On 6 October 2025, THSG entered into an asset purchase agreement with ProService for the transfer of certain IT assets, namely its main IT system "Spanner" (that is currently used both by THSG and ProService) and certain customer contracts, to ProService ("IT APA"). ProService has agreed to assume certain liabilities in respect of: (i) employees who will transfer to ProService under TUPE as a consequence of the asset transfer (ii) the transferring IT assets and (iii) the transferring customer contracts. Completion of the IT APA is conditional on the THSC SPA and Speedy Hire APA becoming unconditional.

The IT assets that are being transferred under the IT APA include the physical software that is Spanner and a variety of physical IT equipment that relates to the running of Spanner, such as laptops, mobile phones and physical servers. THSG will be granted continued access to Spanner for a transitional period following Completion under the transitional services agreement which is further described below.

Transitional Services and Reverse Transitional Services Agreements

ProService, as service provider, has agreed to enter into a transitional services agreement (the "TSA") with THSG for the provision of certain finance, HR and technology services to facilitate separation following the THSC Disposal. Each party's liability under the TSA is subject to an agreed financial cap and market standard exclusions and limitations.

THSG, as service provider, has agreed to enter into a transitional services agreement (the "RTSA") with ProService for the provision of limited management account and fleet management services to facilitate separation following the THSC Disposal. Each party's liability under the RTSA is subject to an agreed financial cap and market standard exclusions and limitations.

6. Group debt facilities

Our lenders have provided their support to the Transaction and have agreed to a re-setting of both interest-cover and leverage covenants to reflect the changes to the Group including the disposal of THSC and to provide sufficient covenant headroom as the Group transitions to the new commercial arrangements with Speedy Hire.
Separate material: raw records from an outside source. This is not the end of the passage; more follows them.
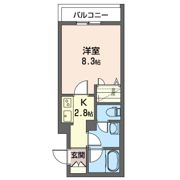 シャーメゾン・プリュネの間取り画像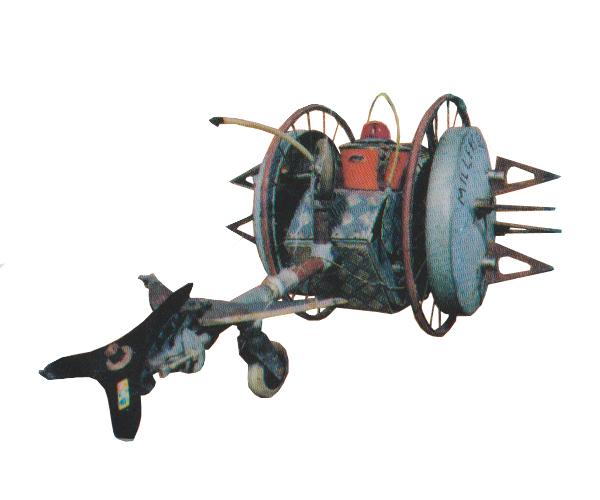 Competitor "Wheelosaurus" at Robot Wars: The Fourth Wars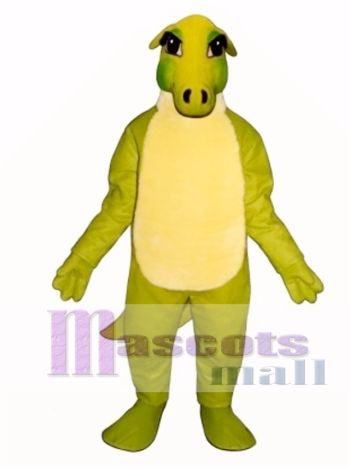 Freundliches Dinosaurier Maskottchen Kostüm Tier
As part of the amendment to the senior facilities agreement dated 9 November 2021 (as amended and/or restated from time to time, the "Senior Facilities Agreement"), the revolving credit facility made available under the Senior Facilities Agreement has been reduced from £20 million to £5 million and the financial covenants have been re-set to reflect, amongst other things, the THSC Disposal. The term loan outstanding under the Senior Facilities Agreement, which has a balance of approximately £39 million after the repayment earlier this year following the disposal of HSS Ireland, will now include £10 million of amortisation between Completion and the final maturity of the Senior Facilities Agreement. There has been no change to the final maturity date of the Senior Facilities Agreement, which remains 30 September 2026.

7. Conditions of the Transaction

The THSC Disposal, the Speedy Hire Commercial Agreement and the Speedy Hire Investment are inter-conditional and subject to the satisfaction of certain conditions including:

· the CMA Condition;

· Admission occurring by no later than 8.00 a.m. on 31 December 2025 (or such later date and time as may be agreed by Speedy Hire and HSS); 

· shareholder approval for the allotment and issue of the ordinary shares in HSS to be issued pursuant to the Subscription (the "Subscription Shares") to Speedy Hire on a non-pre-emptive basis;

· shareholder approval of the THSC Disposal and the Speedy Hire APA;

· the Speedy Hire Commercial Agreement becoming unconditional (save for any condition related to Admission) and not having been terminated prior to Admission; and

· the THSC Disposal becoming unconditional (save for any condition related to Admission) and not having been terminated prior to Admission.

The Board intend to publish a circular convening a general meeting of shareholders as soon as reasonably practicable to seek approval from the HSS shareholders in respect of: (i) the Subscription; and (ii) the change of name of HSS to ProService Building Services Marketplace PLC.

In view of the size of the THSC Disposal, the disposal of the Sale Assets and the prior disposal of HSS Hire Ireland Limited, the THSC Disposal and the Speedy Hire APA is deemed to constitute a disposal resulting in a fundamental change in the business of the Company under Rule 15 of the AIM Rules, which requires aggregation of disposals within a twelve-month period. Accordingly, the THSC Disposal and the Speedy Hire APA is conditional upon Shareholder approval.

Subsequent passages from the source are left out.